Sebelum pertunjukan dimulai, Kapolda Jatim bersama Kapolresta Banyuwangi Kombes Pol Rofiq Ripto Himawan, Wakil Bupati Banyuwangi Mujiono, Ketua MUI KH Muhaimin Asymuni, dan Ki Bayu Aji mengikuti prosesi pelepasan kupat luar sebagai simbol terpenuhinya nazar. Acara kemudian dilanjutkan dengan pelepasan 17 ekor burung merpati sebagai lambang perdamaian.
Baca Juga: Dua Tahun Mandek, Kasus Korupsi Wasbang Libatkan Zeiniye DPRD Jatim Masih Diselidiki KPK Situbondo
Sebagai tanda dimulainya pergelaran, Kapolda Jatim menyerahkan tokoh wayang Werkudoro kepada Ki Bayu Aji. Setelah itu, dalang asal Solo tersebut langsung memulai pertunjukan di hadapan ribuan penonton yang memadati kawasan Taman Blambangan.
Sejumlah tokoh penting turut hadir dalam kegiatan tersebut, di antaranya mantan Menteri PAN-RB Abdullah Azwar Anas, Bupati Banyuwangi Ipuk Fiestiandani, Ketua DPRD Banyuwangi Made Cahyana Negara, Wakil Ketua DPRD Michael Edy Hariyanto, para kepala desa, tokoh agama, organisasi kemasyarakatan, komunitas seni, hingga mahasiswa.

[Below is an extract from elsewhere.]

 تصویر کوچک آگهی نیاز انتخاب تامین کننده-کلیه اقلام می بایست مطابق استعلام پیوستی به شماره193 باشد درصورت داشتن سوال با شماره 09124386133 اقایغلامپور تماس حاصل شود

Penampilan Ki Bayu Aji yang merupakan putra maestro pedalangan nasional almarhum Anom Suroto mendapat sambutan hangat dari masyarakat. Diiringi sinden dan gamelan, ia tampil maksimal membawakan kisah yang sarat pesan moral dan kepemimpinan.

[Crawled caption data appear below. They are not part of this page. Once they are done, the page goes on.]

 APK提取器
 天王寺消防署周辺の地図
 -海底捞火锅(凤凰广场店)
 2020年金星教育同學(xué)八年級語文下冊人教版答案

"Animo penonton Banyuwangi sungguh luar biasa. Terima kasih dukungan masyarakat, kami bisa tampil di Banyuwangi. Tak lupa kami mengucapkan terima aksih kepada Bapak Kapolda Jatim Irjen Pol Nanang Avianto dan Pak Kapolresta Kombespol Rofiq Ripto Himawan yang telah mengundang saya hadir di Banyuwangi," kata Ki Bayu Aji.
Sebelum pergelaran wayang kulit dimulai, masyarakat terlebih dahulu dihibur penampilan seniman lokal Catur Arum dan maestro gandrung Temu Misti. Suasana semakin meriah saat sesi limbukan dan goro-goro yang menghadirkan pelawak Gandu dan Pentol.

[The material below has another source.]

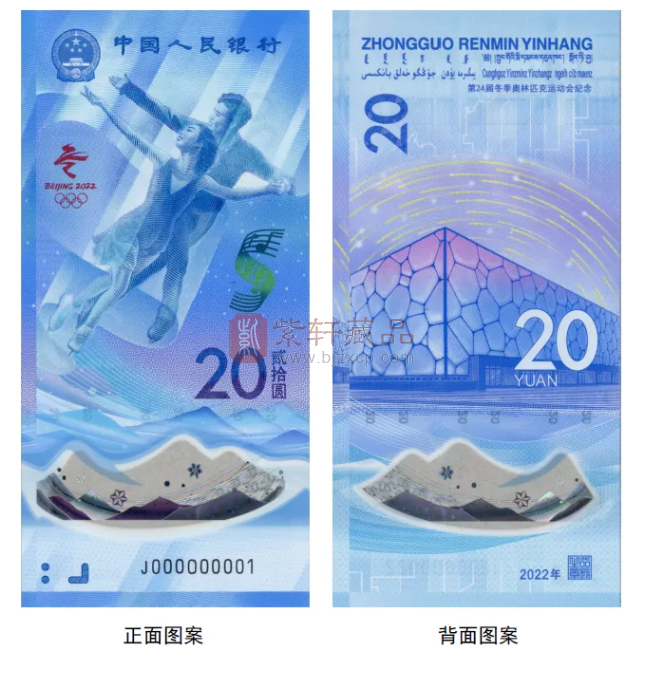 【央行公告】12月21日发行第24届冬季奥林匹克运动会纪念钞一套！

Panitia juga membagikan ratusan door prize kepada pengunjung. Berbagai hadiah disediakan mulai dari kipas angin, setrika listrik, blender, hingga hadiah utama berupa satu unit sepeda motor dan dua motor listrik.
Menurut Kapolda Jatim, kegiatan budaya tersebut sengaja digelar di Banyuwangi sebagai bagian dari pemerataan program Polda Jawa Timur di berbagai daerah.
" Sosok Pandawa adalah representasi Polri sebagai pengayom masyarakat yang rela berkurban demi tegaknya keadilan dan kebenaran. Filosofi lakon malam ini sebagai semangat 'Jogo Jawa Timur', yaitu sebuah semangat gotong royong," bebernya.